> **Prompt**
The reply needs the lines from the one containing "A blue and black" through the end of the material, each repeated exactly, and no pictures.

> **Record extracts**
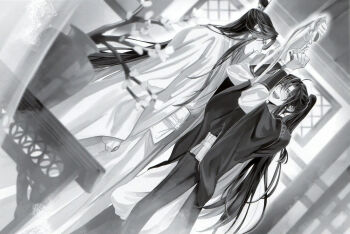 2boys :d ahoge arm_up arms_up bdsm bishounen blurry blurry_background blush bound bound_arms bound_wrists chinese_clothes chinese_commentary closed_eyes closed_mouth commentary_request couple curtains depth_of_field dutch_angle eye_contact facing_another greyscale hair_ornament hair_ribbon hanfu high_ponytail highres holding holding_ribbon indoors lan_wangji long_hair long_sleeves looking_at_another male_focus mg_ms_dayo modao_zushi monochrome multiple_boys official_art open_mouth pants plant ponytail potted_plant profile ribbon ribbon_bondage robe sash sidelocks smile standing sweatdrop table tassel tassel_hair_ornament third-party_source topknot vase very_long_hair wei_wuxian wide_sleeves window xiao_guan_(headdress) yaoi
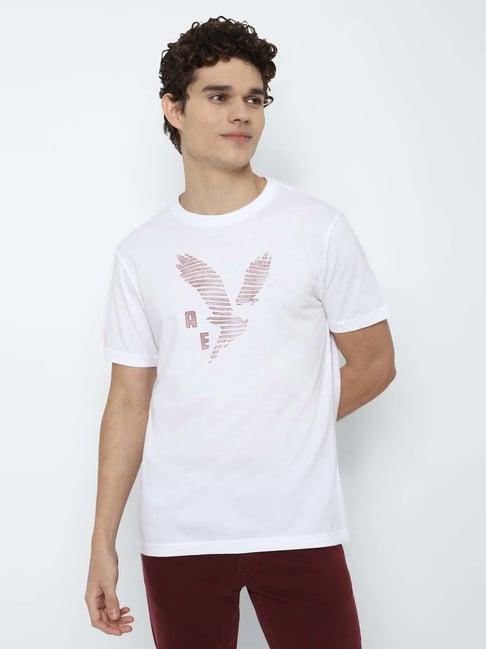 american eagle outfitters white cotton regular fit t-shirts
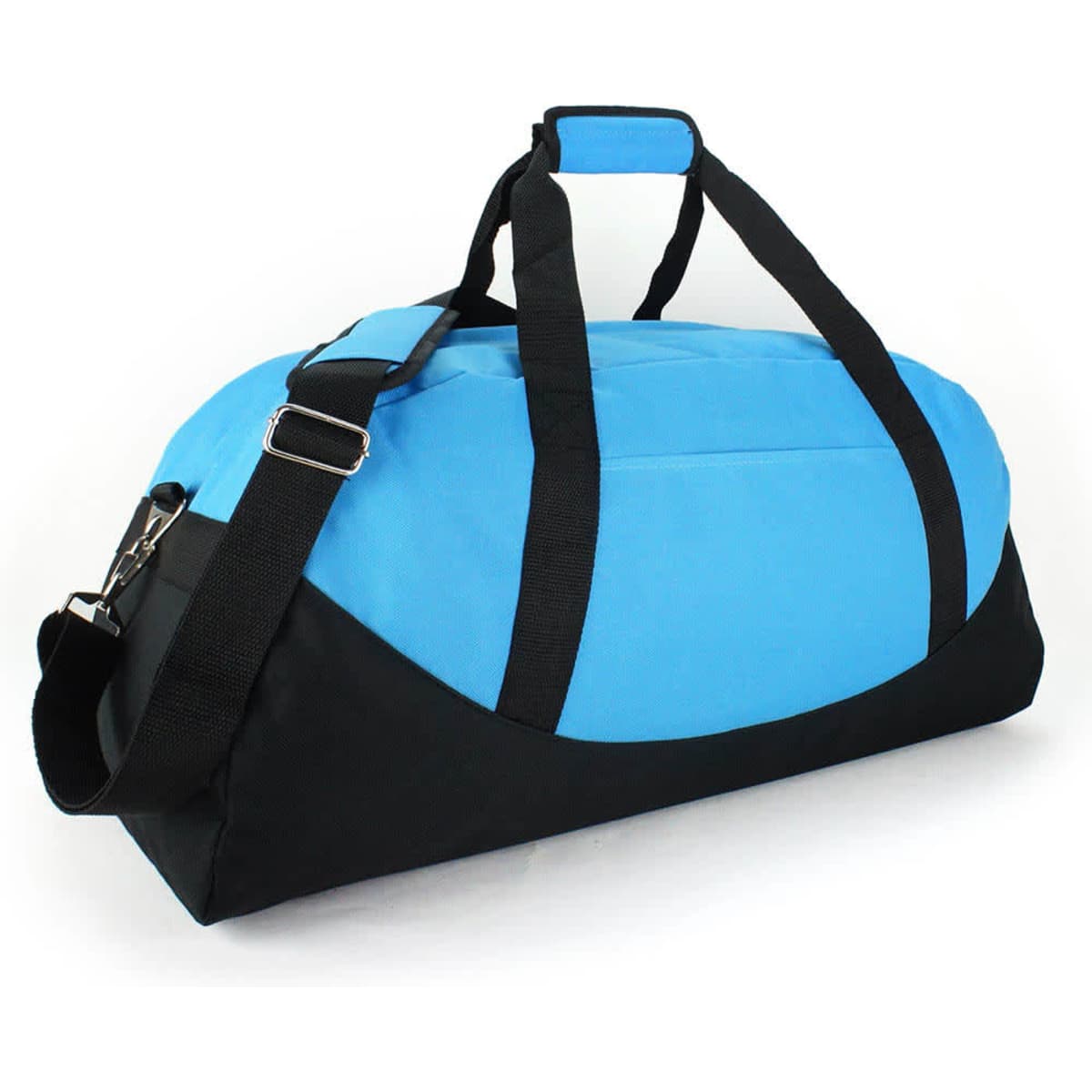 A blue and black duffle bag with dual carrying handles and an adjustable shoulder strap. It features a logo.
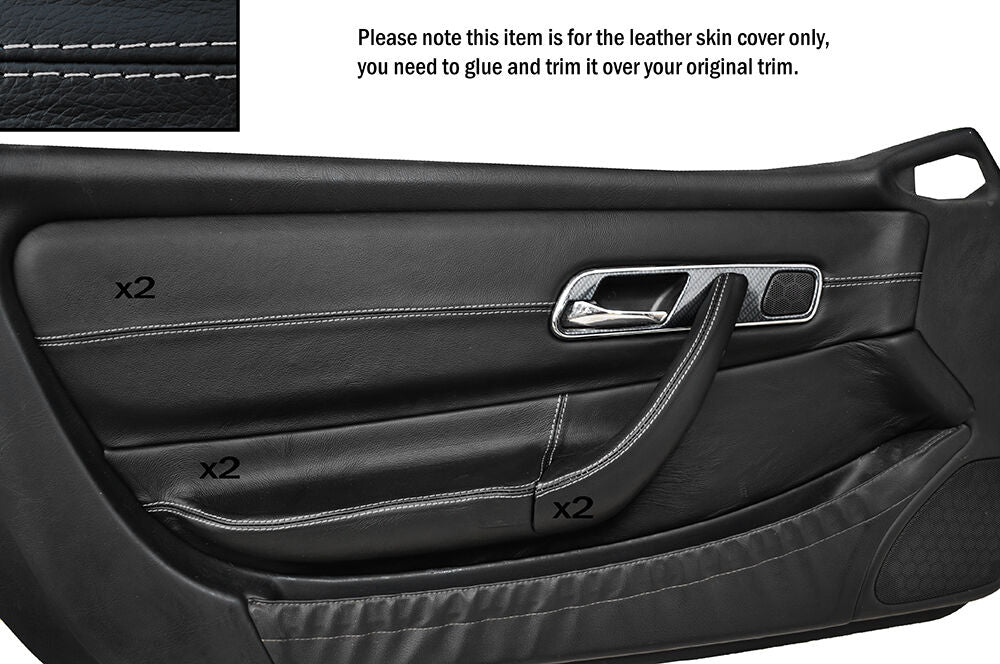 GREY STITCH 2X FRONT DOOR CARD TRIMS SKIN COVERS FITS MERCEDES SLK R170 96-04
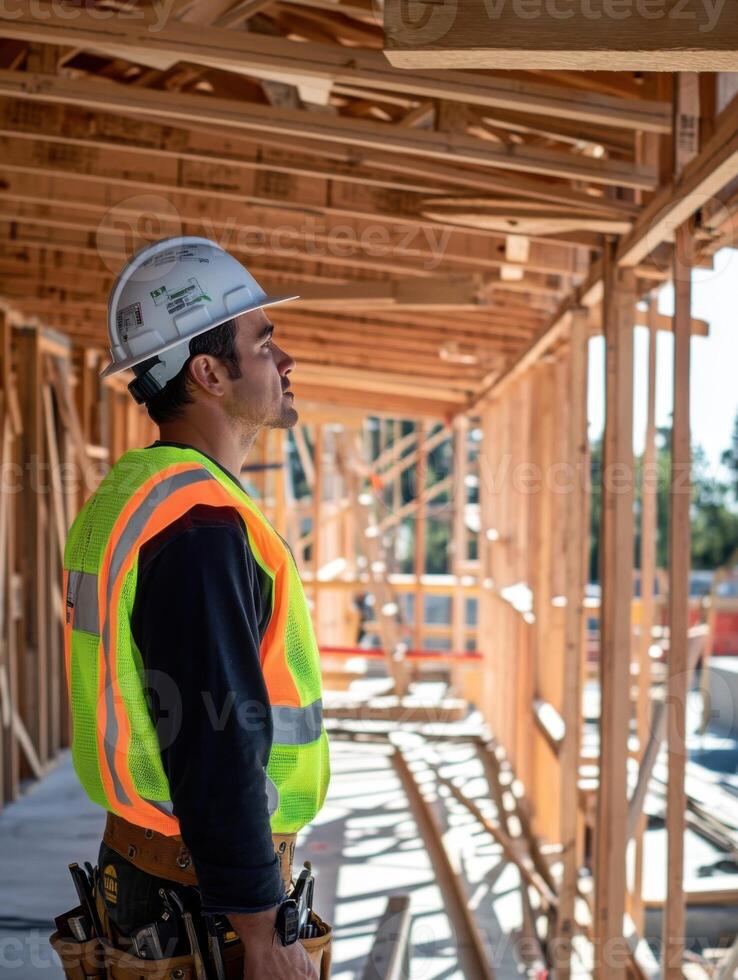 Construction worker in safety gear observes building progress at a construction site in bright sunlight photo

> **Answer**
 A blue and black duffle bag with dual carrying handles and an adjustable shoulder strap. It features a logo.
 GREY STITCH 2X FRONT DOOR CARD TRIMS SKIN COVERS FITS MERCEDES SLK R170 96-04
 Construction worker in safety gear observes building progress at a construction site in bright sunlight photo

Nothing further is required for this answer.